PUBLISHED: 8:04 PM 27 Jun 2017

Supreme Court Delivers CRUSHING Blow To GOP As It Rules California In The Right

SC Ruling

The Supreme Court refused to hear the appeal of a Second Amendment right case that protested California’s strict gun control laws.

In a crushing blow, the Supreme Court denied an appeal that would strike down California’s restrictive gun laws. California gun laws, according to the nation’s high court, are here to stay.

The court refused to hear the appeal of Peruta v. California, in which addressed a major Second Amendment question. The case itself had to do with California’s tight regulations on carrying concealed weapons in public. Currently, California citizens must apply for a gun permit through a very strict process, that relies on the often subjective and arbritary judgement of a government official. That is, the applicant must prove they have “good cause,” for wanting a gun, and simple self-defense is not enough.

The permitting process in California is often sardonically called a, “may issue,” system. Meaning, that an owner may get a permit, they may not. Gun rights advocates protested, stating that gun owners in the state’s major cities were being denied their Constitutional rights. They should be able to carry a gun outside their home.

Gun Store

The permitting process for concealed carry often subjective. Applicants must prove they have “good cause,” for wanting a gun, and the law deems simple self-defense as not good enough.

The case first went to a San Diego court, which upheld the law. But, then the advocates groups persisted, going to the 9th Circuit Court of Appeals. The 9th Circuit heard the case in 2014. In a 2-1 decision, the court said that the Second Amendment did protect a person’s right to have a gun in public.

But, the decision was appealed, and the 9th Circuit Court had to reconsider the case in 2016. Trying to understand the Constitutional context of the right to bear arms, the court studied historical references. They found that an English law, passed in 1541, prohibited the carrying of a concealed gun in public without a license. This was the law of the land for centuries, and was likely the tradition in which the Constitutional framers wrote.

“Based on the overwhelming consensus of historical sources, we conclude that the protection of the Second Amendment — whatever the scope of that protection may be — simply does not extend to the carrying of concealed firearms in public by members of the general public,” Judge William Fletcher wrote.

The court then voted 7-4 in in favor of the law, stating that “The Second Amendment does not preserve or protect a right of a member of the general public to carry concealed firearms in public.”

Then the former Solicitor General Paul Clement filed an appeal with the Supreme Court to overrule the decision of the 9th Circuit Court of Appeals. But, the SCOTUS denied hearing the case. However, in a rare case of a published dissenting opinion,  Justice Clarence Thomas and Justice Neil Gorsuch wrote an interesting memorandum addressing the issue.

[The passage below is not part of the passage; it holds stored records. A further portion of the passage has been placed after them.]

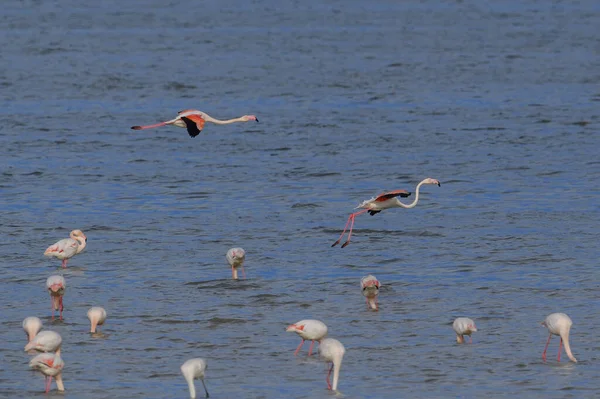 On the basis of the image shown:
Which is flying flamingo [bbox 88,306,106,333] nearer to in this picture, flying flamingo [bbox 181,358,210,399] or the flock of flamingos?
the flock of flamingos

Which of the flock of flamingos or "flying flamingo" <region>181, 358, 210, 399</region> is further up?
the flock of flamingos

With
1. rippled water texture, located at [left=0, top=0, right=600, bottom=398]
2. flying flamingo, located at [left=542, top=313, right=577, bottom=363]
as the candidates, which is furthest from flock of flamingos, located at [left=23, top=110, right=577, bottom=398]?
rippled water texture, located at [left=0, top=0, right=600, bottom=398]

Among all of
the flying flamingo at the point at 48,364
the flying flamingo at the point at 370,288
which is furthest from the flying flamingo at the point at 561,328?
the flying flamingo at the point at 48,364

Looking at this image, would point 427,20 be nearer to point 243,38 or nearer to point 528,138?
point 243,38

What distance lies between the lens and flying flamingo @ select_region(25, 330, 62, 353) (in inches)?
485

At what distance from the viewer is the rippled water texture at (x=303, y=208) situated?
13078 millimetres

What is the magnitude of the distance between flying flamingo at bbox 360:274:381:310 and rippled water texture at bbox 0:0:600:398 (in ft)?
0.66

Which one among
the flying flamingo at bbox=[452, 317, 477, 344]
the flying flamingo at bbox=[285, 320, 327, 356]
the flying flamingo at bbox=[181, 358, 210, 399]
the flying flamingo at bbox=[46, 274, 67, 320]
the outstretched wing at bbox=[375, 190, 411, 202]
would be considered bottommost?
the flying flamingo at bbox=[181, 358, 210, 399]

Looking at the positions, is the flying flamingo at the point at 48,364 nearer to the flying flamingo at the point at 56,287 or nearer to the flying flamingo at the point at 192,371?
the flying flamingo at the point at 192,371

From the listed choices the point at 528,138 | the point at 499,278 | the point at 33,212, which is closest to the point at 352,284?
the point at 499,278

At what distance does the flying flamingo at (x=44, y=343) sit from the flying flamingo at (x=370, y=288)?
374cm

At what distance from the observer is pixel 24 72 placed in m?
35.8

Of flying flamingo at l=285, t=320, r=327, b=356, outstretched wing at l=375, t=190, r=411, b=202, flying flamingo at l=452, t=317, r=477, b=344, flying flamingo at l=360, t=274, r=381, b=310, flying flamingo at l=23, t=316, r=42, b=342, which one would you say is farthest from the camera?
outstretched wing at l=375, t=190, r=411, b=202

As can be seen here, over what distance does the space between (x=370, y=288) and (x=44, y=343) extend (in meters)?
3.94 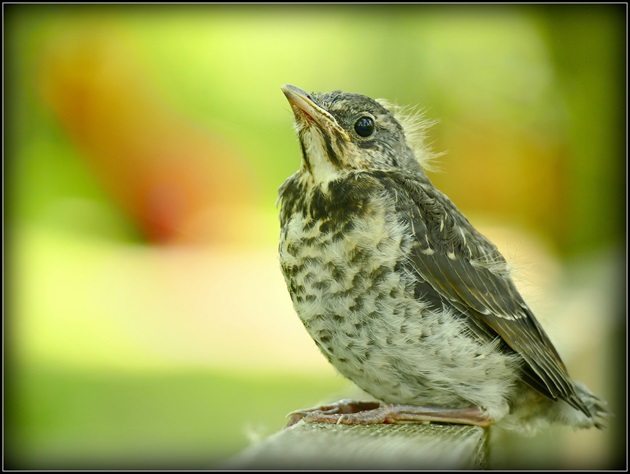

Supreme Court Justice Clarence Thomas penned a dissenting opinion along with newly-appointed Justice Neil Gorsuch, stating that the Second Amendment had become too disfavored in our political climate. The Constitutional Framers did not intend for gun laws to be this restricted.

They said that the court’s refusal to hear the case, “reflects a distressing trend: the treatment of the second Amendment as a disfavored right.”

Judge Thomas who spoke on behalf of both officials continued, “”We should have granted certiorari in this case. The approach taken by the en banc court is indefensible, and the petition raises important questions that this Court should address. … The en banc court’s decision to limit its review to whether the Second Amendment protects the right to concealed carry—as opposed to the more general right to public carry—was untenable. Most fundamentally, it was not justified by the terms of the complaint, which called into question the State’s regulatory scheme as a whole.”

Thomas also said that the issue of the Second Amendment is a pressing matter in today’s climate, and that politicians may be too sheltered by government provided security to see it.

“For those of us who work in marbled halls, guarded constantly by a vigilant and dedicated police force, the guarantees of the Second Amendment might seem antiquated and superfluous,” he said. “But the Framers made a clear choice: They reserved to all Americans the right to bear arms for self-defense. I do not think we should stand by idly while a State denies its citizens that right, particularly when their very lives may depend on it.”

He took exception to the idea that the Framers did not intend for the citizens to carry arms in public. “I find it extremely improbable that the Framers understood the Second Amendment to protect little more than carrying a gun from the bedroom to the kitchen,” he said.

The National Rifle Association issued a statement expressing their disappointment with the court’s refusal to hear the case.

“We are disappointed in the Court’s rejection of the appeal in Peruta v. California, which now leaves millions of law-abiding Californians with no ability to bear arms outside the home,” Chris Cox, the head of the NRA’s Institute for Legislative Action, said. “As Justices Thomas and Gorsuch correctly stated, too many courts have been treating the Second Amendment as a second-class right. That should not be allowed to stand.”

But the NRA explained that they would not be swayed though. They would continue to fight the restrictive California gun laws until they are overturned.